Забавны и трогательны блоковские экспромты этого времени, особенно «Сцена из исторической картины “Всемирная литература”». Все персонажи здесь изъясняются пятистопным ямбом. Блок как руководитель немецкой редакции уговаривает Чуковского написать предисловие к «Английским фрагментам» Гейне, а тот рассказывает о своей огромной занятости: «Я читаю в Пролеткульте, /И в Студии, и Петрокомпромиссе, / и в Оцупе, и в Реввоенсовете!» Смешно. Фамилия поэта и критика Н. А. Оцупа (кстати, именно он в 1933 году первым применит сочетание «серебряный век» к русской поэзии начала XX столетия) обыграна Блоком как возможная аббревиатура, каких в это время развелось множество. А Петронаркомпрос с грустной иронией переиначен в «Петрокомпромисс».

Смешно, но не весело. Нормальное филологическое балагурство, но отнюдь не шутка гения. Потому что гению противопоказано работать не по основной специальности. Ему невыносимо скучно высиживать заседания, где обсуждаются, в общем, серьезные вопросы культуры, где он всегда имеет свое компетентное мнение, но все это для него – не главное.

А главного нет. Оно ушло и упорно не возвращается.

Третьего мая Блок задает сам себе вопрос: «Кто погубил революцию (дух музыки)?»
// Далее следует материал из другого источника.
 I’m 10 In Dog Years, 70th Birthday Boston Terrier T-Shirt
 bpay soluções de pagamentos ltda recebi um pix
А в июне, побывав в Ольгине и на Лахте и увидев там жуткое запустение, Блок саркастически комментирует: «Чего нельзя отнять у большевиков — это их исключительной способности вытравлять быт и уничтожать отдельных людей. Не знаю, плохо это или не особенно. Это — факт».

Шестого июля 1919 года Чуковский обращается к Блоку с утонченным филологическим вопросом:

«Не окрашены ли для вас какой-нибудь особой эмоциональной окраской звуки

а о у ы э

я ё ю и е?»

В ответ Блок пишет на страницах «Чукоккалы»:

«Все это, конечно, имело свои окраски и у меня, но память моя заржавела, а новых звуков давно не слышно. Все они притушены для меня, как, вероятно, для всех нас. Я не умею заставить себя вслушаться, когда чувствую себя схваченным за горло, когда ни одного часа дня и ночи, свободного от насилия полицейского государства, нет, и когда живешь со сцепленными зубами. Было бы кощунственно и лживо припоминать рассудком звуки в беззвучном пространстве».
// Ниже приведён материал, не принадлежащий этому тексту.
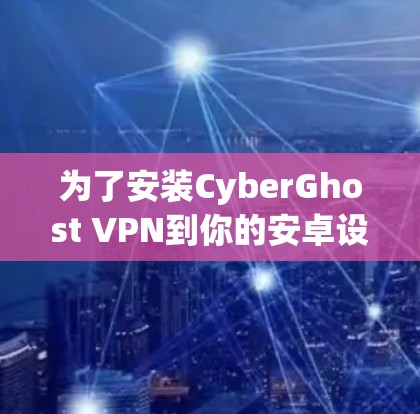 为了安装CyberGhost VPN到你的安卓设备上,按照以下步骤进行 为了安装CyberGhost VPN到你的安卓设备上,按照以下步骤进行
Нет новых звуков, и поэт работает со своими старыми звуками.

Блок становится блоковедом.

Текстологические навыки, обретенные при подготовке «Стихотворений» Аполлона Григорьева, пригодились теперь для подготовки новых изданий Блока. В «Алконосте» выходят «Ямбы» и «Песня Судьбы» в новой редакции. В издательстве Гржебина — сборник юношеских произведений «За гранью прошлых дней».
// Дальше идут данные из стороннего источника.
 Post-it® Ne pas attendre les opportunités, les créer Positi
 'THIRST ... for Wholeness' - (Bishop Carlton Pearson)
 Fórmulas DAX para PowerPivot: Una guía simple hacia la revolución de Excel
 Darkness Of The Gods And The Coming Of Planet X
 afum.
В июле Блок пишет предисловие к третьей главе поэмы «Возмездие», готовясь к публичному чтению в студии издательства «Всемирная литература». Вспомним еще раз первые строки этого текста: «Не чувствуя ни нужды, ни охоты заканчивать поэму, полную революционных предчувствий, в года, когда революция уже произошла…»

В советское время эти слова воспринимались как некое свидетельство блоковской скромности: мол, поэт свое дело сделал, революцию предсказал задолго, и теперь его поэма — факт истории. Теперь все видится не так просто. Произойти-то произошла, а вот революционные предчувствия были иными, и теперь, чтобы закончить поэму, надо не просто дописывать, а пересматривать некоторые изначальные предпосылки.

Что говорит Блок о революции в это время близким людям? Вот фрагмент из уже упомянутой книги К. Чуковского, где автор смог довольно много сказать в подцензурных условиях:

«Сам он не боялся революции, очень любил ее, и лишь одно тревожило его:

– Что, если эта революция – поддельная? Что, если и не было подлинной? Что, если подлинная только приснилась ему?»

Это высказывание в книге не датировано, да и за дословность нельзя поручиться (блоковская прямая речь нечувствительно переходит в косвенную), но беспокоившее Блока «лишь одно» настолько велико, что решительно перевешивает дипломатичное заверение мемуариста «очень любил ее».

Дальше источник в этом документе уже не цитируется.